## Your assignment
Once you find the line with "Baskets New Balance", transcribe it and all the lines that follow to the end of the data, exactly as written; skip any pictures.

## Records provided

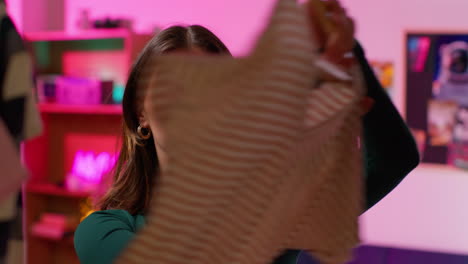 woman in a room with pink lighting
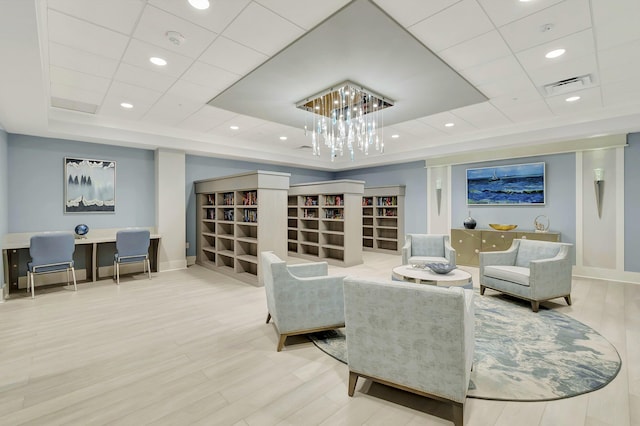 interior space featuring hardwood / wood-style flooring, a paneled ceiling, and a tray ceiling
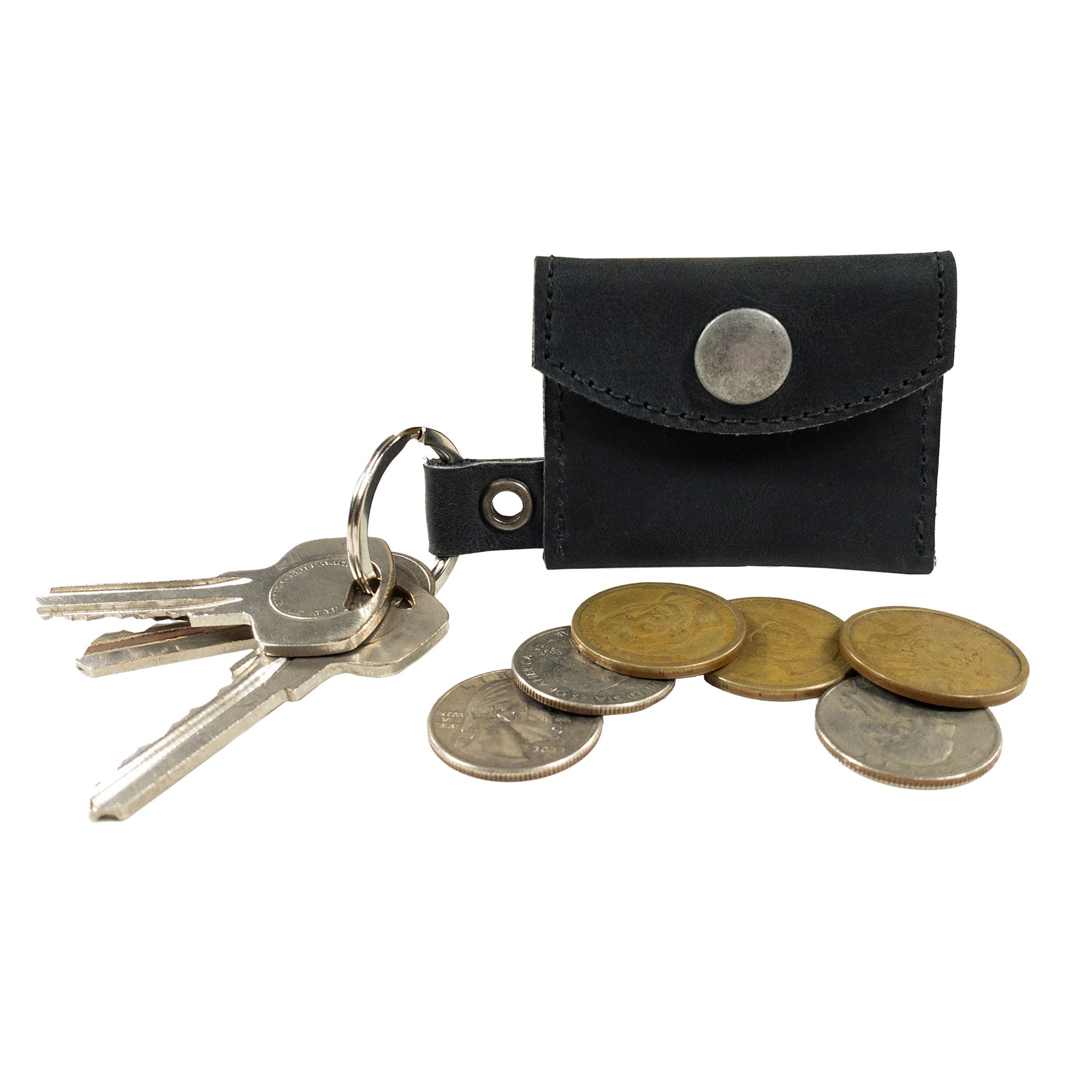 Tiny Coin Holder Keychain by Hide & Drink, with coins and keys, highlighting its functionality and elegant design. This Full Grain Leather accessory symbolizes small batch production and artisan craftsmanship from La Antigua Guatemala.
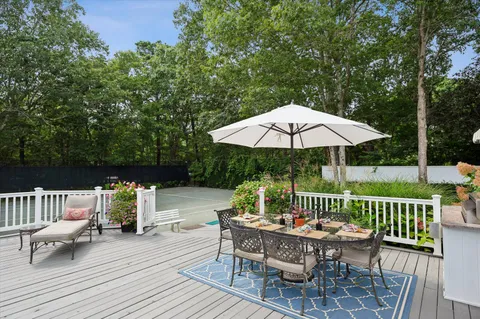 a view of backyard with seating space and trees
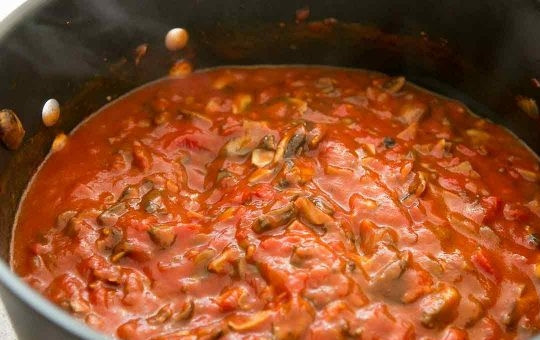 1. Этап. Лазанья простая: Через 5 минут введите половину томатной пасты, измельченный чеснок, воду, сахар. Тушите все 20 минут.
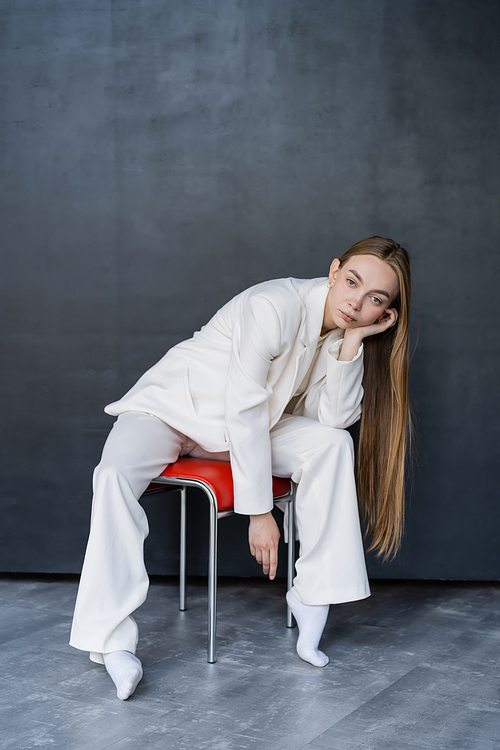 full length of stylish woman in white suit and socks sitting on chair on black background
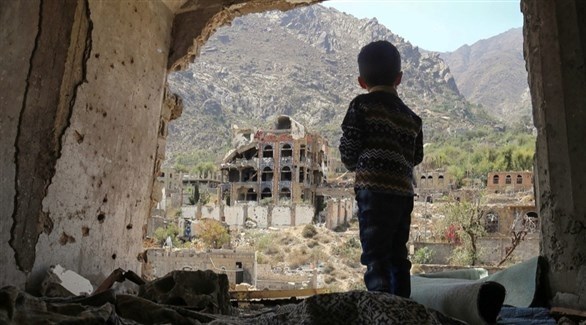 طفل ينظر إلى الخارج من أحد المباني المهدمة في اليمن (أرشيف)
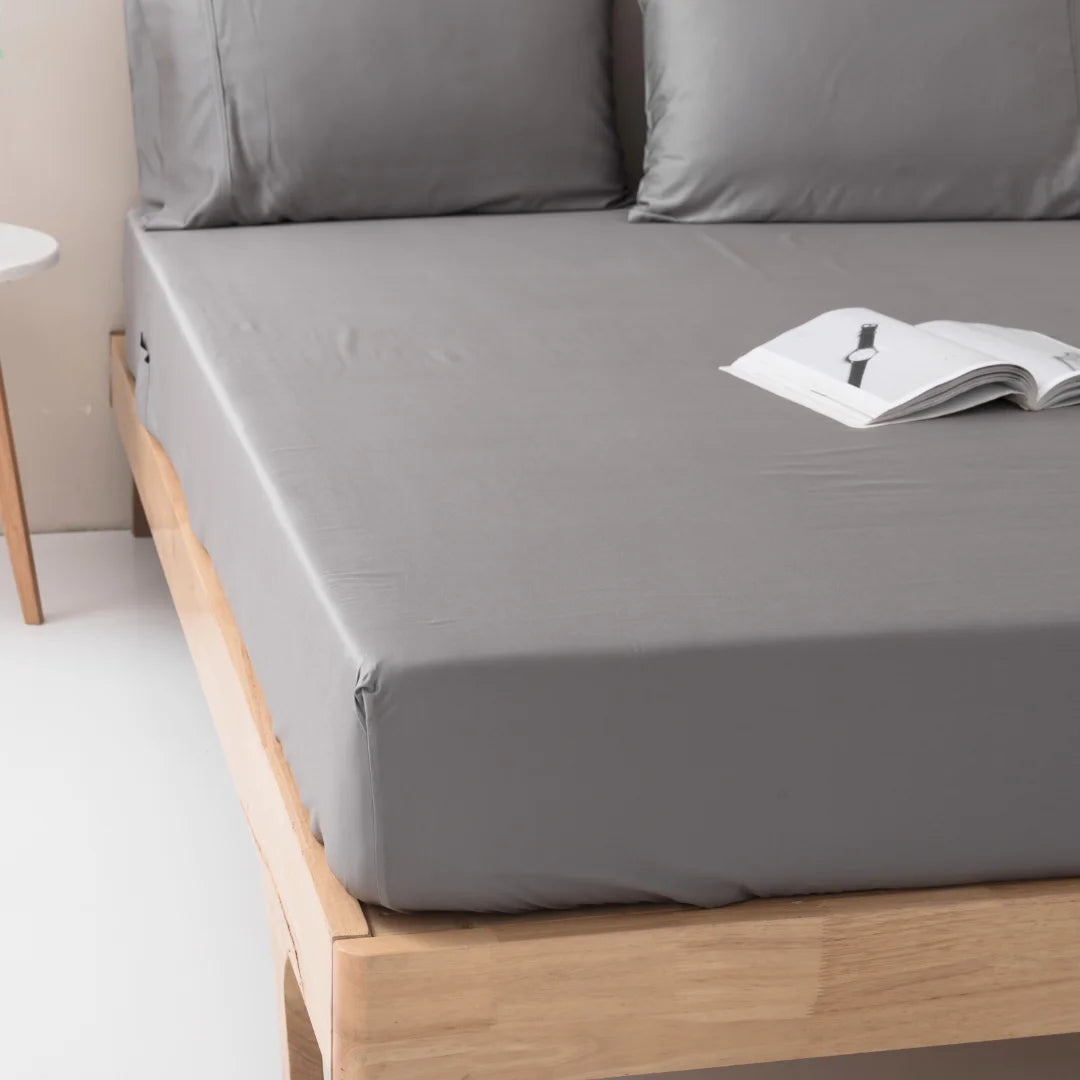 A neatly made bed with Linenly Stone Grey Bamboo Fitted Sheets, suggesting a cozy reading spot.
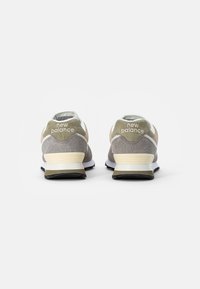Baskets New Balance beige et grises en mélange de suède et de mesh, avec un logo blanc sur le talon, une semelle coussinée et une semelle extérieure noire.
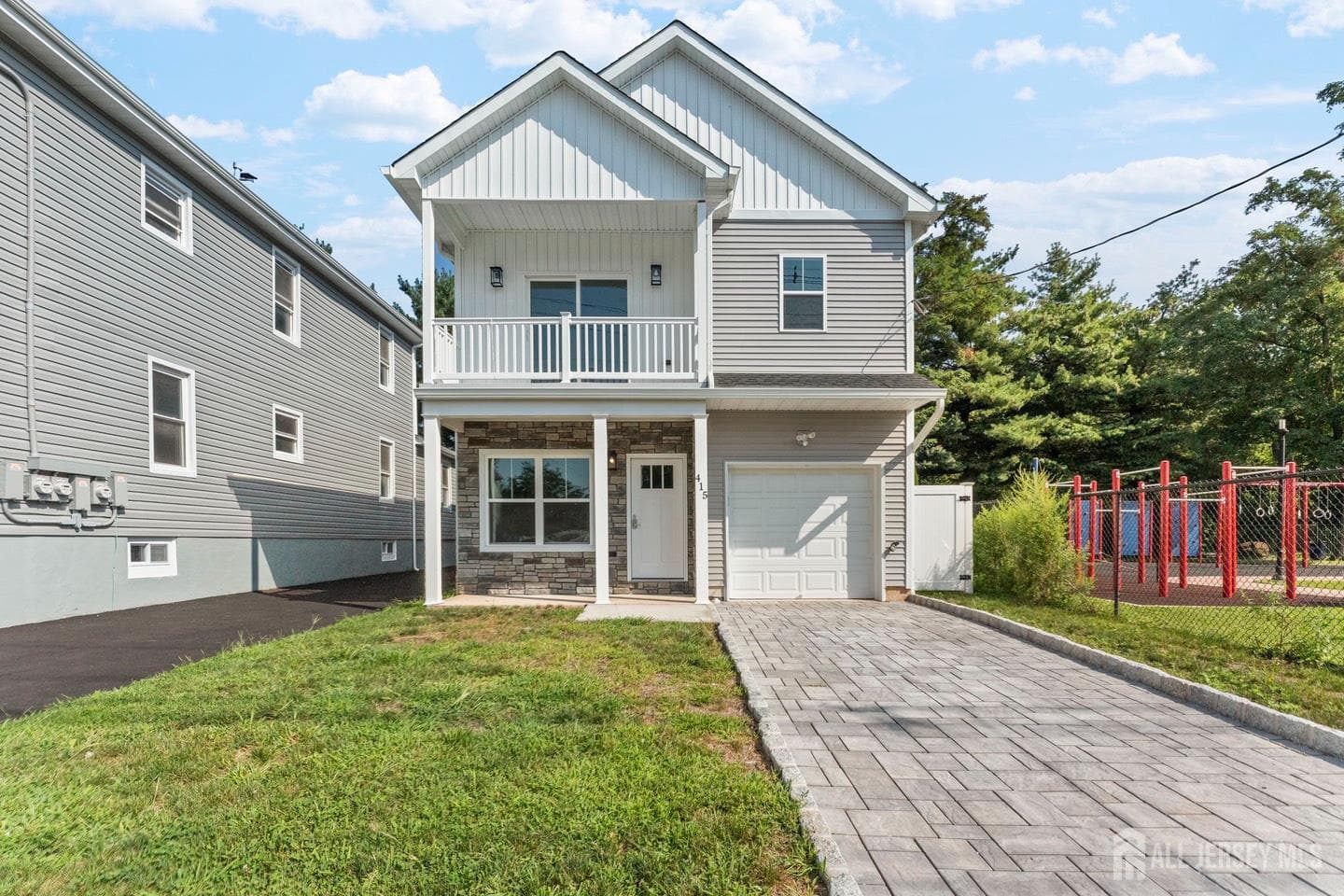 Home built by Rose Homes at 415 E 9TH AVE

## Worked solution
Baskets New Balance beige et grises en mélange de suède et de mesh, avec un logo blanc sur le talon, une semelle coussinée et une semelle extérieure noire.
 Home built by Rose Homes at 415 E 9TH AVE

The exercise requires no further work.